**WORK TO COMPLETE**
Reproduce exactly, leaving out pictures, each line from the one holding "Lighthouses Frankfort Lighthouse" through the final line of the listing, and add nothing.

**STORED DATA**
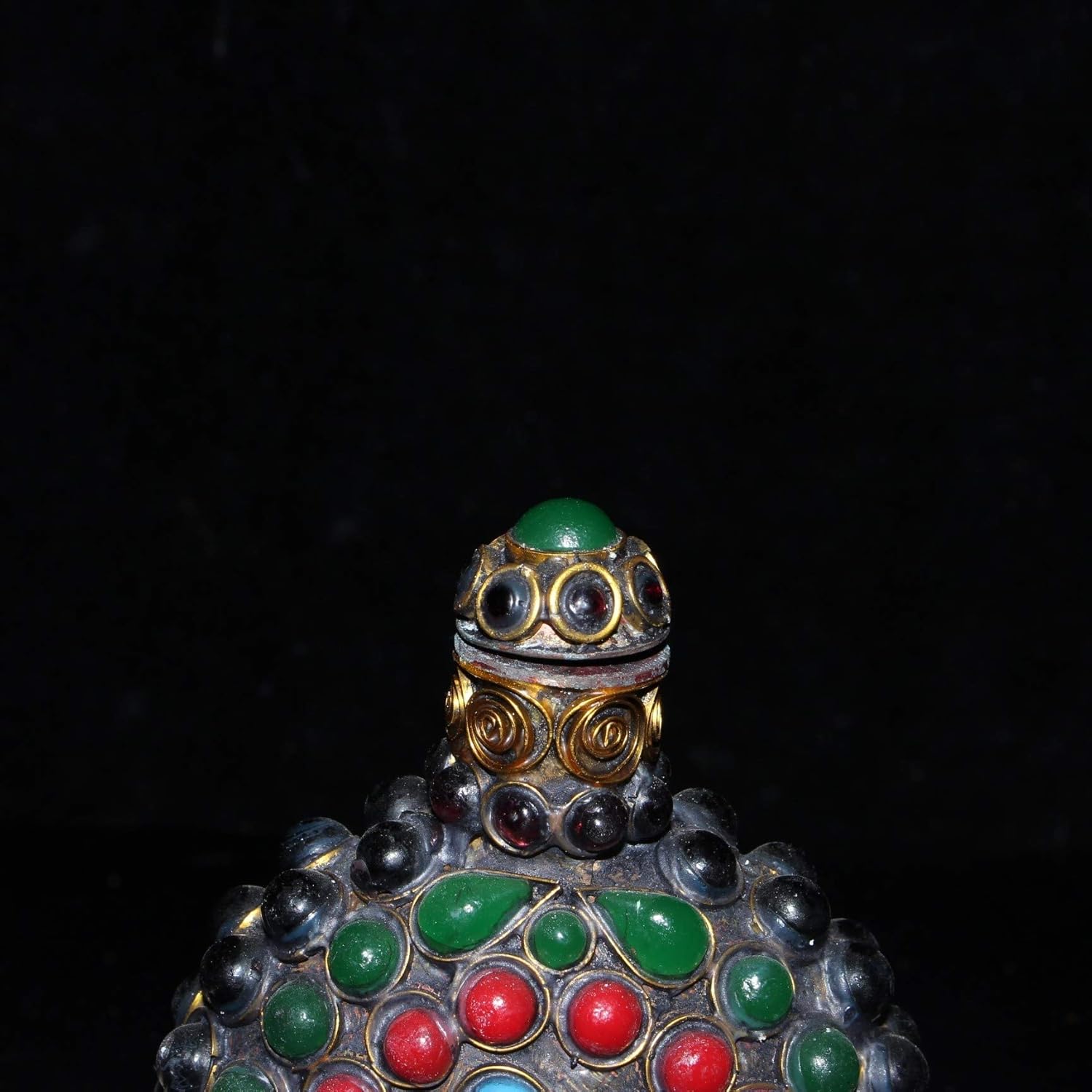 Fashion158 Antique Miscellaneous Copper Beads inlaid Round Snuff Bottle home Decoration Ornaments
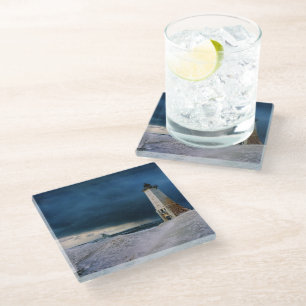 Lighthouses Frankfort Lighthouse Lake Michigan Glass Coaster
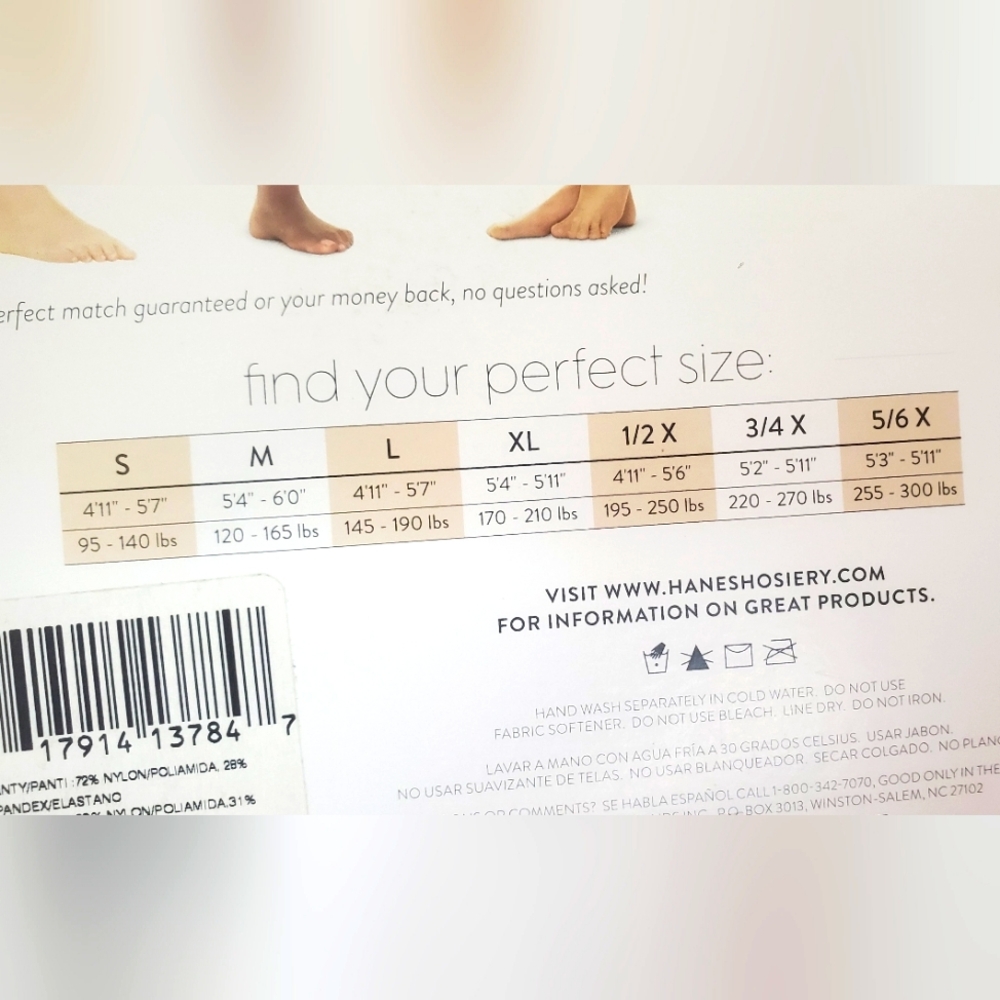 Hanes -Size L -2 Pack Hosiery Chart For Perfect Fit - Picture 4 of 7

**RESULT**
 Lighthouses Frankfort Lighthouse Lake Michigan Glass Coaster
 Hanes -Size L -2 Pack Hosiery Chart For Perfect Fit - Picture 4 of 7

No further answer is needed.